┌──

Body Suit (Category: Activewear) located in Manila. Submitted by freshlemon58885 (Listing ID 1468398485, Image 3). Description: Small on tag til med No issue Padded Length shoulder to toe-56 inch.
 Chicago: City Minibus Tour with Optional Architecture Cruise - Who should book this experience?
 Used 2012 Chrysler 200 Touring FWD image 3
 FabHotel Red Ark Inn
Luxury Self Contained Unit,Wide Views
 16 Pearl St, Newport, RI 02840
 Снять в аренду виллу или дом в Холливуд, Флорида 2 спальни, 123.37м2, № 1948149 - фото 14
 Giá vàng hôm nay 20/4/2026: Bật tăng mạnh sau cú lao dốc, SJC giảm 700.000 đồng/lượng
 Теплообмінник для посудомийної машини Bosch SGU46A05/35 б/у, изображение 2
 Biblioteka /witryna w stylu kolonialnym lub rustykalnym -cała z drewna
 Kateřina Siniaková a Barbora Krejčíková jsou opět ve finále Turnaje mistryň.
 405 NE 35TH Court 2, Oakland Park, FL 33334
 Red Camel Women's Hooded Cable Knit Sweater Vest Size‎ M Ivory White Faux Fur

└──

# Description of the task
Repeat the material above exactly, including every line.

# Task output
Body Suit (Category: Activewear) located in Manila. Submitted by freshlemon58885 (Listing ID 1468398485, Image 3). Description: Small on tag til med No issue Padded Length shoulder to toe-56 inch.
 Chicago: City Minibus Tour with Optional Architecture Cruise - Who should book this experience?
 Used 2012 Chrysler 200 Touring FWD image 3
 FabHotel Red Ark Inn
Luxury Self Contained Unit,Wide Views
 16 Pearl St, Newport, RI 02840
 Снять в аренду виллу или дом в Холливуд, Флорида 2 спальни, 123.37м2, № 1948149 - фото 14
 Giá vàng hôm nay 20/4/2026: Bật tăng mạnh sau cú lao dốc, SJC giảm 700.000 đồng/lượng
 Теплообмінник для посудомийної машини Bosch SGU46A05/35 б/у, изображение 2
 Biblioteka /witryna w stylu kolonialnym lub rustykalnym -cała z drewna
 Kateřina Siniaková a Barbora Krejčíková jsou opět ve finále Turnaje mistryň.
 405 NE 35TH Court 2, Oakland Park, FL 33334
 Red Camel Women's Hooded Cable Knit Sweater Vest Size‎ M Ivory White Faux Fur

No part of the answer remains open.